The above statutory provision was strictly followed in this case and defendant was not denied due process.
 Counsel for defendant makes much of the brevity of the telephone communications between counsel for the Board and members of the Board during the June 11, 1975 hearing. However, defendant's constitutional right to due process in this instance encompasses only his right to prior notice of charges, his right to prepare to defend these charges and his right to a full hearing on these charges. All of these rights were duly protected by the adjournment of the hearing to July 31, 1975. Defendant's rights were not prejudiced in any manner by the amendment of the complaint to include commingling.
The complainant also charged the defendant with unprofessional conduct for refusal to produce all subpoenaed trust account records. The defendant testified that he had produced all the records he had and that some of his trust account records had been destroyed in an automobile accident which occurred in September of 1974 as he was moving his possessions to Arizona. He produced an insurance document which showed that a claim had been paid him for an accident during this period. In addition, the state conceded that it had the subpoenaed records in its possession from January 1974 until April 1974, and that it had either not copied the records or had lost the copies it had made.
 The referee concluded that the state had failed to show a wilful refusal to produce trust account records by clear and satisfactory evidence, and recommended that this count of the complaint be dismissed. We agree with that recommendation. It is noted that sec. 256.293 (2), Stats., which requires that lawyers preserve their trust *399 account records for six years and that they submit them to the Board for its inspection and audit or be liable to disciplinary action was not effective until after the facts which gave rise to this action occurred. In the Matter of the Revision of Rules Governing Discipline of Attorneys, effective January 12, 1971, 48 Wis. 2d vii, xvi.

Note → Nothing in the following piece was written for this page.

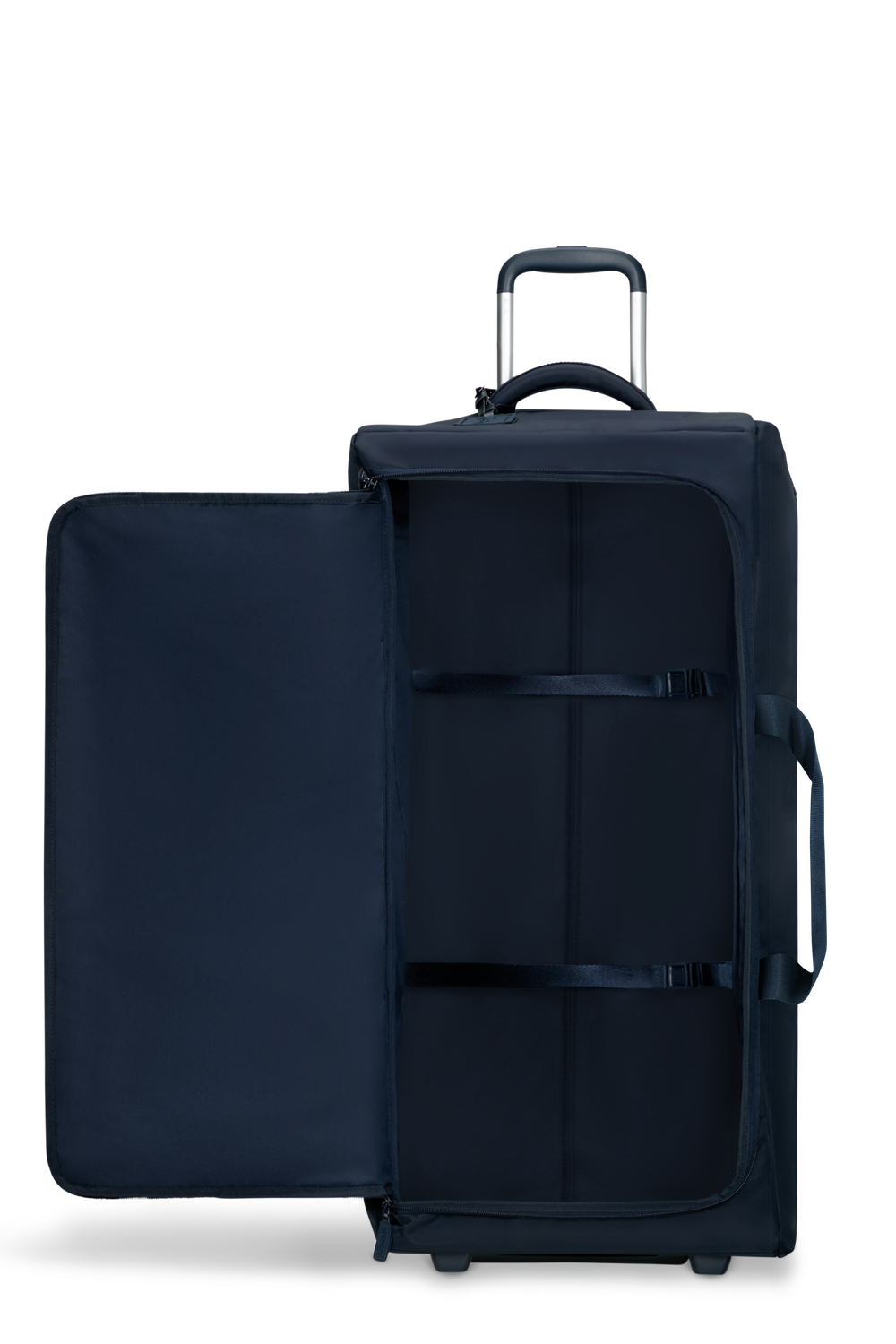 Foldable Plume Sac de voyage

This court has recently pointed out its "concern with trust fund abuses," and has emphasized "the serious nature of improprieties involving clients' funds and trust account funds." State v. Aldrich (1976), 71 Wis. 2d 206, 210, 211, 237 N.W.2d 689. In this case the abuses are especially aggravated because they occurred continuously over a three-year period and were clearly perpetrated as a result of a conscious plan and not merely out of negligence or incompetence.
We conclude that the evidence clearly and satisfactorily establishes that the defendant is guilty of unprofessional conduct. The conclusion warrants suspension of the defendant's license to practice law in this state.

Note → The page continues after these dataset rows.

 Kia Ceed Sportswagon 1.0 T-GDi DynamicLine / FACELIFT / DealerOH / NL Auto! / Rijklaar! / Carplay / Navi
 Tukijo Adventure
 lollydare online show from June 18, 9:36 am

Therefore, it is ordered and adjudged that the license of defendant Frederick Hersh be and is hereby suspended for a period of two years from the entry of this order, and for such period thereafter as shall expire before his license is restored. Such restoration and reinstatement as a member of the state bar is conditioned upon (1) his paying the costs of these proceedings (not to exceed $2,000); (2) his petitioning for reinstatement under Rule 10, sec. 5 of the Rules and By-Laws of the State Bar of Wisconsin.
It is further ordered that the State Bar of Wisconsin notify the courts of record of these orders by sending each a copy thereof.
It is further ordered that Frederick Hersh notify his respective clients now represented by him in all matters involving the practice of law or all matters pending in any court of this state that his license to practice law in this state is now suspended.